## [Work to be completed]
Beneath this task are records; print exactly the stretch of them from the line with "2001 Mercedes-Benz C-Class" through the line with "Hanover, New Hampshire", both ends included.

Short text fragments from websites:
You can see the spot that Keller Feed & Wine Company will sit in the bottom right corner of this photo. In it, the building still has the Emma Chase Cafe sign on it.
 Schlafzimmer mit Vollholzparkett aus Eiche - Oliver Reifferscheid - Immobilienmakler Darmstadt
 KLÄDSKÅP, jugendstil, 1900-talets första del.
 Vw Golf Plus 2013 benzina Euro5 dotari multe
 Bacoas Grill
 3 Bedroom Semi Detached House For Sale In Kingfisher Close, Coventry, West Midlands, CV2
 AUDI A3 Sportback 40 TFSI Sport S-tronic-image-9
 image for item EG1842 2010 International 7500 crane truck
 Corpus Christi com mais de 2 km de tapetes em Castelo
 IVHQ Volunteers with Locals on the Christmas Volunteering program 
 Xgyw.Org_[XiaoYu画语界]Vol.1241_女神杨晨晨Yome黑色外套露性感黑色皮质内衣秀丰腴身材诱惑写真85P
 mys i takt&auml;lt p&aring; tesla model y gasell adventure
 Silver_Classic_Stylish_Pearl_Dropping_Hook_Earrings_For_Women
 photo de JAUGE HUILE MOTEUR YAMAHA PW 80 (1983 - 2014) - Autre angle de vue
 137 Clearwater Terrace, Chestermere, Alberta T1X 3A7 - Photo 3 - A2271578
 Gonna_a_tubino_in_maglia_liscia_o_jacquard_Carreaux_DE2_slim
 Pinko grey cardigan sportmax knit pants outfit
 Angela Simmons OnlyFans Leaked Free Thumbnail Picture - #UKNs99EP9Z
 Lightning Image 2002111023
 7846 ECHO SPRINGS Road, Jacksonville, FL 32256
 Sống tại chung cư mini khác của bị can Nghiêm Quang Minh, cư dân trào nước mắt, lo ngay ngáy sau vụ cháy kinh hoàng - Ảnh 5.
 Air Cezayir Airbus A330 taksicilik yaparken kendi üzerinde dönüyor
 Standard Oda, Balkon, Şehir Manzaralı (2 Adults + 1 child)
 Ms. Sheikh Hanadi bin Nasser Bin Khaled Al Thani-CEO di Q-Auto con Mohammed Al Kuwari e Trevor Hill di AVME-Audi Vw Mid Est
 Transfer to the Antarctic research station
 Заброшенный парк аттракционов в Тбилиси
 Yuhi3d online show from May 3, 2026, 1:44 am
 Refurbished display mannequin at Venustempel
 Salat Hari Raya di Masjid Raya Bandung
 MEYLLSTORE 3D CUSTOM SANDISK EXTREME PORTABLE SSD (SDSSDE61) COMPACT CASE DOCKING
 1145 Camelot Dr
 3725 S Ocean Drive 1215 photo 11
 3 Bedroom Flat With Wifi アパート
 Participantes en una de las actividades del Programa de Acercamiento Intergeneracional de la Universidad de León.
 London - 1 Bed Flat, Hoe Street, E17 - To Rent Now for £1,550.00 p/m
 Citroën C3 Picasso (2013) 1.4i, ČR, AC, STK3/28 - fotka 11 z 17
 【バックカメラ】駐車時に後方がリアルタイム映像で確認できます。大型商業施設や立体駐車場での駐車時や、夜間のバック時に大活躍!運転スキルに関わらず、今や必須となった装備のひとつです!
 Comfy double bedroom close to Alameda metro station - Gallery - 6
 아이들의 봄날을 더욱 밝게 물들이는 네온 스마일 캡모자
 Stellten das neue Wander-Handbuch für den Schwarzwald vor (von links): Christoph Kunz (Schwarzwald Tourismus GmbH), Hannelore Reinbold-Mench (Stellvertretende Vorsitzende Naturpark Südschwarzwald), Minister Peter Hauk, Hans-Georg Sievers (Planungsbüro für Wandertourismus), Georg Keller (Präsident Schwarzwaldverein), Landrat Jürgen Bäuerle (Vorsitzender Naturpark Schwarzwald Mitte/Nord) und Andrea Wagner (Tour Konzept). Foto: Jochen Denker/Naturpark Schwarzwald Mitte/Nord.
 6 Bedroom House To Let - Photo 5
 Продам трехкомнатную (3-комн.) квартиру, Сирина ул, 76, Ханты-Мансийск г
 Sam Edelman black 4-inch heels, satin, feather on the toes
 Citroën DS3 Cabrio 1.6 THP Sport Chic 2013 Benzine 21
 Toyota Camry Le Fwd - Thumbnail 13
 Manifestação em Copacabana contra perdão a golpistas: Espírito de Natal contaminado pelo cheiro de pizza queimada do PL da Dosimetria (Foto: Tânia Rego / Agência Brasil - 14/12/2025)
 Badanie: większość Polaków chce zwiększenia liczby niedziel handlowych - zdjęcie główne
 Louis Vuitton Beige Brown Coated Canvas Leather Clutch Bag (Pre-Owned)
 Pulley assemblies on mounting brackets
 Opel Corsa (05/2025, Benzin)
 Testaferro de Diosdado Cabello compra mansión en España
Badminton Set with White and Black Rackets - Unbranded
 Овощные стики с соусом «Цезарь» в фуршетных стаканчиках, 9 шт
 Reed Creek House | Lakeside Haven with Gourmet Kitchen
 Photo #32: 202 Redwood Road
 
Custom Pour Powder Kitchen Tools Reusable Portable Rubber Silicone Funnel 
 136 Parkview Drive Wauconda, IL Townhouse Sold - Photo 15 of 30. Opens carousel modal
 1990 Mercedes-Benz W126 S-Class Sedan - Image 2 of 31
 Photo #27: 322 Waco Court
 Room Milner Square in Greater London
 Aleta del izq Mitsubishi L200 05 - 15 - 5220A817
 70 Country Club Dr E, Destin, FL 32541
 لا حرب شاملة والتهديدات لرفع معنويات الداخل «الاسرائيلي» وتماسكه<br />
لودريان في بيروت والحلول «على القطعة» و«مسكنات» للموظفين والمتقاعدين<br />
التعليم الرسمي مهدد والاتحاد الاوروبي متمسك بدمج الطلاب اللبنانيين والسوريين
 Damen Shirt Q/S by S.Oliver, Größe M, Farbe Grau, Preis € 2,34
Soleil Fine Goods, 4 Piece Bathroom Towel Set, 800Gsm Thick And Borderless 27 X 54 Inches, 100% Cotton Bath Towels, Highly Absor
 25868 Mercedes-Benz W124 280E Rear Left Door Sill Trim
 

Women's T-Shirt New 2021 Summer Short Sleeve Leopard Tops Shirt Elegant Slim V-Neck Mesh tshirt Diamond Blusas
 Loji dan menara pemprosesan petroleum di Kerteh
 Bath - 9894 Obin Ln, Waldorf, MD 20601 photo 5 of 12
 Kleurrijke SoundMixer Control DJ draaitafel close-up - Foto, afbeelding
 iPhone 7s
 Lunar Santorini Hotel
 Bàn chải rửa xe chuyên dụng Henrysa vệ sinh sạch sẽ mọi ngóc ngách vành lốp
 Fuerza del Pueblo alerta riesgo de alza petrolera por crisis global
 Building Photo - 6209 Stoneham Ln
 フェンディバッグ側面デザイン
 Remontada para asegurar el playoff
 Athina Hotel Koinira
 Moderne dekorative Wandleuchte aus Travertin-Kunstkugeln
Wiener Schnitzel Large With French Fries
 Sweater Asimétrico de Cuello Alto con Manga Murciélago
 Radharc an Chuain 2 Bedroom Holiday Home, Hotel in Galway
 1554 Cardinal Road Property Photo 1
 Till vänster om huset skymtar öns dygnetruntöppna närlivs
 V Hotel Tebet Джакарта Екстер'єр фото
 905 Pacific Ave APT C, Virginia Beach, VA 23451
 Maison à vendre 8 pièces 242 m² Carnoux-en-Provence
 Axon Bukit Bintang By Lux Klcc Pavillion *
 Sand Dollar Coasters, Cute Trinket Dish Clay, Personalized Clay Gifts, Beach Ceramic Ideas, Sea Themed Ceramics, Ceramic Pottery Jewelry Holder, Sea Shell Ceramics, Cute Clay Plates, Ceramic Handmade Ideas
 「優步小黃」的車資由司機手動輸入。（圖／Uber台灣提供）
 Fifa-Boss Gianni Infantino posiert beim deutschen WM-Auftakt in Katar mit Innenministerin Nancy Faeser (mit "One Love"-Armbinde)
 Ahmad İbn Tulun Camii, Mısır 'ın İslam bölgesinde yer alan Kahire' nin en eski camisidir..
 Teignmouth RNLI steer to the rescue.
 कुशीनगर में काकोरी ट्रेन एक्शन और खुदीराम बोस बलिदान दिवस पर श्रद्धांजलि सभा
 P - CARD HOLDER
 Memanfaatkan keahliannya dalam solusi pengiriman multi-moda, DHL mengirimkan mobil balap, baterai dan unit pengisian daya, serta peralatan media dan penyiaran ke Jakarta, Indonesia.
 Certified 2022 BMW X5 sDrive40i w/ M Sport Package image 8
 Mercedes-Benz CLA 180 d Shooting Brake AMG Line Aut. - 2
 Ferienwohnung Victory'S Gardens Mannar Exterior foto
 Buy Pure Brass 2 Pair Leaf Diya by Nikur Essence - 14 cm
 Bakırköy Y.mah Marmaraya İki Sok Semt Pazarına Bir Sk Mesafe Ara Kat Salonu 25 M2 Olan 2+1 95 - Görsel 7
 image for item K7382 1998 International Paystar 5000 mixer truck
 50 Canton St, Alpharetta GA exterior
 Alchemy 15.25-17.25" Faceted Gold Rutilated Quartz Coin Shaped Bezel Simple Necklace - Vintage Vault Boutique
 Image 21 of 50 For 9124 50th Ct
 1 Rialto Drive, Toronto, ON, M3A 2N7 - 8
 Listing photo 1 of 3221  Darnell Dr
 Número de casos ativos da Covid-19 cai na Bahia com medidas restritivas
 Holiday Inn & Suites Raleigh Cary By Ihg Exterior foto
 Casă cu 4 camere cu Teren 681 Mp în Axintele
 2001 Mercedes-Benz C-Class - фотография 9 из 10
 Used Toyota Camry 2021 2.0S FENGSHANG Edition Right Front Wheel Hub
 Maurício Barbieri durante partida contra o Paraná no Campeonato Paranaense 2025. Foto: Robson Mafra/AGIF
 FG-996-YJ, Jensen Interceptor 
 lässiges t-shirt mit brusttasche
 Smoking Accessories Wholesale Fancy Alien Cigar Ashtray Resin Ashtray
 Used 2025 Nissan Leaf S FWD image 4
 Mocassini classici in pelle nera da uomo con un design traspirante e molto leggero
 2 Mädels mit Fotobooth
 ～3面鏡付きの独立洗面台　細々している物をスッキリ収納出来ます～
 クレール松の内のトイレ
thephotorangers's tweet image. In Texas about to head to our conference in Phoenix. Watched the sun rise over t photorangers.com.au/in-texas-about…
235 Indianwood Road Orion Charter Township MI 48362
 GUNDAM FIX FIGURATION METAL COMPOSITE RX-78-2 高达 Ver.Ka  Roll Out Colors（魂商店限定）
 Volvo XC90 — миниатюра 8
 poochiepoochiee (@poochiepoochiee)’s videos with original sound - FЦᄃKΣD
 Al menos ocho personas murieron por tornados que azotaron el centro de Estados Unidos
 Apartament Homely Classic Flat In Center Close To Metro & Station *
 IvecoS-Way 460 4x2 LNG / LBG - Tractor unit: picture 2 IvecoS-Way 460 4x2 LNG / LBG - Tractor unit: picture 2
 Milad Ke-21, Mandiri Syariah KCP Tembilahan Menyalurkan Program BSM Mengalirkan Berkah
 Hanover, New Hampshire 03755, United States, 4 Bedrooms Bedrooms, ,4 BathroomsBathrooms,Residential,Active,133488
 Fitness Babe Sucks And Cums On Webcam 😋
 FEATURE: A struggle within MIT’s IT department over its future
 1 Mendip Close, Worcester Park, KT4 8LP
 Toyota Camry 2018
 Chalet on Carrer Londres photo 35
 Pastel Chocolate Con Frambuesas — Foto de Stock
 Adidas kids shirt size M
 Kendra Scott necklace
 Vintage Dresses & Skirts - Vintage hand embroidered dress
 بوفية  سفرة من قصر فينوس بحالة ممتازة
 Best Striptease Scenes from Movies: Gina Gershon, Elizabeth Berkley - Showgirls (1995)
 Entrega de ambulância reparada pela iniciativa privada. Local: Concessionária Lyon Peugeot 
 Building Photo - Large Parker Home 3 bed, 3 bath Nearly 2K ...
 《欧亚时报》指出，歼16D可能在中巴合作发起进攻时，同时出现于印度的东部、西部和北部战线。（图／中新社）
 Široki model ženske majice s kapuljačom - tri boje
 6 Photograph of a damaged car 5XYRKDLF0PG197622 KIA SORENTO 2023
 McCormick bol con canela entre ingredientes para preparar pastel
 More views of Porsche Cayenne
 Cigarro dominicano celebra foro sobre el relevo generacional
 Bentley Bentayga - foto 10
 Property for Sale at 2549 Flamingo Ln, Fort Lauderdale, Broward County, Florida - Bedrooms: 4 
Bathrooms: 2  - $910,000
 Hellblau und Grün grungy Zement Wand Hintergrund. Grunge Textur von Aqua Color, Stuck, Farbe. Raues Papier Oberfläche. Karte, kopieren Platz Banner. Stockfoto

## [Exercise output]
 2001 Mercedes-Benz C-Class - фотография 9 из 10
 Used Toyota Camry 2021 2.0S FENGSHANG Edition Right Front Wheel Hub
 Maurício Barbieri durante partida contra o Paraná no Campeonato Paranaense 2025. Foto: Robson Mafra/AGIF
 FG-996-YJ, Jensen Interceptor 
 lässiges t-shirt mit brusttasche
 Smoking Accessories Wholesale Fancy Alien Cigar Ashtray Resin Ashtray
 Used 2025 Nissan Leaf S FWD image 4
 Mocassini classici in pelle nera da uomo con un design traspirante e molto leggero
 2 Mädels mit Fotobooth
 ～3面鏡付きの独立洗面台　細々している物をスッキリ収納出来ます～
 クレール松の内のトイレ
thephotorangers's tweet image. In Texas about to head to our conference in Phoenix. Watched the sun rise over t photorangers.com.au/in-texas-about…
235 Indianwood Road Orion Charter Township MI 48362
 GUNDAM FIX FIGURATION METAL COMPOSITE RX-78-2 高达 Ver.Ka  Roll Out Colors（魂商店限定）
 Volvo XC90 — миниатюра 8
 poochiepoochiee (@poochiepoochiee)’s videos with original sound - FЦᄃKΣD
 Al menos ocho personas murieron por tornados que azotaron el centro de Estados Unidos
 Apartament Homely Classic Flat In Center Close To Metro & Station *
 IvecoS-Way 460 4x2 LNG / LBG - Tractor unit: picture 2 IvecoS-Way 460 4x2 LNG / LBG - Tractor unit: picture 2
 Milad Ke-21, Mandiri Syariah KCP Tembilahan Menyalurkan Program BSM Mengalirkan Berkah
 Hanover, New Hampshire 03755, United States, 4 Bedrooms Bedrooms, ,4 BathroomsBathrooms,Residential,Active,133488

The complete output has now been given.